3rd Governor of Albemarle Sound
- In office 1670–1672
- Preceded by: Samuel Stephens
- Succeeded by: John Jenkins

Personal details
- Born: 1641 Jersey (British Islands)
- Died: After 1676

= Peter Carteret =

American colonial governor

Peter Carteret () was the Governor of the English colony of Albemarle (which would later become North Carolina) from 1670 to approximately 1672.

==Early life and career==
Carteret was born on the British Islands of Jersey. His parents were Helier de Carteret and Rachel La Cloche Carteret.

Carteret was appointed assistant governor of the Albemarle colony by the Lords Proprietor in 1664. Proprietor Sir George Carteret was Peter Carteret's fourth cousin. Peter Cateret was the brother of Philip Carteret. After Governor Samuel Stephens died in late 1669, the governor's council named Carteret acting governor.
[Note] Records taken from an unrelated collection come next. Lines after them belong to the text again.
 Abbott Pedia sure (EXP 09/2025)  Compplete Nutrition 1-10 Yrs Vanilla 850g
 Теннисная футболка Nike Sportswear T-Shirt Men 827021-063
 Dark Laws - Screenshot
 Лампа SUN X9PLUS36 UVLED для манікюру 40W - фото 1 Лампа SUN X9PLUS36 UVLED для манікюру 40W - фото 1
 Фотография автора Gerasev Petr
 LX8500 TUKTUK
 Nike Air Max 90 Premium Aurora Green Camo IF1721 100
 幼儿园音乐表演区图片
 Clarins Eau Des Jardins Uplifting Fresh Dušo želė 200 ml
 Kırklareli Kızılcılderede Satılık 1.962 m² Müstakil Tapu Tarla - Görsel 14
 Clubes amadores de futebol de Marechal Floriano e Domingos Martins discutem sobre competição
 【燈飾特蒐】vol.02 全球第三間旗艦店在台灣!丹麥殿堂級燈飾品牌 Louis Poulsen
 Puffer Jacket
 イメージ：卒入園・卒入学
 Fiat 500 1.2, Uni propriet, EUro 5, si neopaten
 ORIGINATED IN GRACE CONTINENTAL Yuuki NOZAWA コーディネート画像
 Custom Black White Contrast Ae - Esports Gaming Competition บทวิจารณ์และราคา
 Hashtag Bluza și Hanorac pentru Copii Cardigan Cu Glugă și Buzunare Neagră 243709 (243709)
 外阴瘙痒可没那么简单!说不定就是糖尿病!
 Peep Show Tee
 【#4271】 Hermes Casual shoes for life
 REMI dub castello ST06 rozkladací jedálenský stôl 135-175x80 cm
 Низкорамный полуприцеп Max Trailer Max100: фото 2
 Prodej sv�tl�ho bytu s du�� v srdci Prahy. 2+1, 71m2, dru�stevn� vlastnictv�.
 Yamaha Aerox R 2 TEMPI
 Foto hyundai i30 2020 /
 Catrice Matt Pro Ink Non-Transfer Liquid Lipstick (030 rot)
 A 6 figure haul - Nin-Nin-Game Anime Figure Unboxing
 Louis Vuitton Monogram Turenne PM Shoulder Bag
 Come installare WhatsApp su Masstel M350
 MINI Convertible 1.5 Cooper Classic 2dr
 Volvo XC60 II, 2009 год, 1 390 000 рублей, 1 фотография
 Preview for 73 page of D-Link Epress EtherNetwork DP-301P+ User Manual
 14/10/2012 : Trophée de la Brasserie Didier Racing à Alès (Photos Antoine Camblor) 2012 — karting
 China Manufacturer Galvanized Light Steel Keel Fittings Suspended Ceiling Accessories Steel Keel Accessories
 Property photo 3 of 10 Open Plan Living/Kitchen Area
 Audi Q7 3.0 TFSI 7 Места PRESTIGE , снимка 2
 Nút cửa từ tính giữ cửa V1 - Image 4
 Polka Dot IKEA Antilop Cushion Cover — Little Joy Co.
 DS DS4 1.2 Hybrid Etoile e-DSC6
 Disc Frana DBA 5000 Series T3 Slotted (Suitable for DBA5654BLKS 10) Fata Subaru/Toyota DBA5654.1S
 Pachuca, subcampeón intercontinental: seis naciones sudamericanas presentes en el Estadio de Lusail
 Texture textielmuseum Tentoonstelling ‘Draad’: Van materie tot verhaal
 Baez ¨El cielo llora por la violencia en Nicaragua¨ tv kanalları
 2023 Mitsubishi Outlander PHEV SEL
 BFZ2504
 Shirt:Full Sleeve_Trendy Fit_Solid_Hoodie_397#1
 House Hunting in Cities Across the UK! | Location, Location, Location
As Governor, Cateret was responsible for implementing the Fundamental Constitutions of Carolina.

He seems to have been appointed to the post permanently by the Lords Proprietor in 1670 and then left for England in 1672 to talk to the Proprietors about discontent in the colony. He appointed John Jenkins as his deputy, to act in his place, but Carteret never returned to the colony, despite an apparent desire to do so. Instead, in November 1676, Carteret ended up giving power of attorney over his interests in the region to William Crawford, who proceeded to liquidate those interests.